Project Managers need agility regardless of methodology

My Sunday morning peruse of Twitter led me to a blog post ‘Agile Project Manager’, It’s a Contradiction. Despite being a little taken aback, I did click through and read it. And I whole-heartedly disagree!

I’m going to start my response by first looking at some definitions.

Methodology – Merriam-Webster defined it as “a particular procedure or set of procedures.”

Waterfall – Wikipedia defined it as “a sequential (non-iterative) design process, used in software development processes, in which progress is seen as flowing steadily downwards (like a waterfall) through the phases.”

Agile – Wikipedia defined it as “a set of principles for software development under which requirements and solutions evolve through the collaborative effort of self-organizing cross-functional teams.”

Process – Merriam-Webster defined it as “a series of actions or operations conducing to an end.”

Principles – Merriam-Webster defined it as “a rule or code of conduct.”

In project management, both Agile and Waterfall are considered project management “methodologies” used to deliver projects. They provide a set of guiding principles for getting results, and delivering business value. They both have pros and cons, and each is not right in every situation. Many times, a hybrid approach is needed.
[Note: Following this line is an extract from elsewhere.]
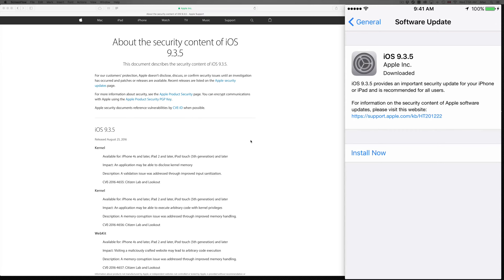Whether you have a PC or Mac, you can update it from there and you can also back it up from there. Now under your iPhone settings, go to General, then Software Update.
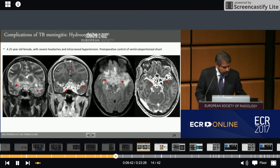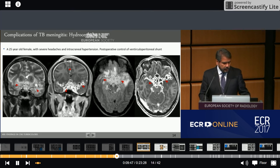This is a 25-year-old woman with severe headaches and signs of intracranial hypertension. Here, we are showing the postoperative control of a ventriculoperitoneal shunt. Hyperintense signal on the axial FLAIR images and enhancement on post-contrast imaging.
Regardless of approach, a good project manager needs to be incredibly flexible. They need to understand the dynamics of all stakeholders, grasp the complexities of the value proposition and manage the situation throughout the process, adapting to the changing landscape. I would argue that even when using a waterfall methodology, a good project manager must be nimble.

It saddens me that the author of the aforementioned blog post feels that project managers “belong purely to highly planned deliveries where any change is a hinderance and fluidity is frowned upon.” Have they not ever worked with a good project manager that adapted to the movement of the project? Or have I just been incredibly lucky to work in organizations that allowed me to adapt and morph the project, and my role within in it as I see fit? It didn’t matter whether I was using a waterfall approach or were working towards agile.

The author further states that an agile project manager is a hybrid role, comprised of multiple responsibilities on projects not large enough to all the prescribed roles. I prefer to work within small to mid-size organizations, however usually work on projects for very large organizations. I’ve not had the luxury on any project to have a person to fill every role. Additionally, I think there is some level of getting your hands dirty in analysis, value recognition and other aspects of the project that enable me to delivery the projects I work on.


The one area where we did agree is “The ability to adapt, morph and practically deliver is…the true spirit of agile delivery.” I would also argue that it is the true spirit of a good project manager. If we are not constantly assessing where we are against our goals, and making decisions about how we manage the project (across stakeholders), and making adjustments to our plans, we can’t be successful.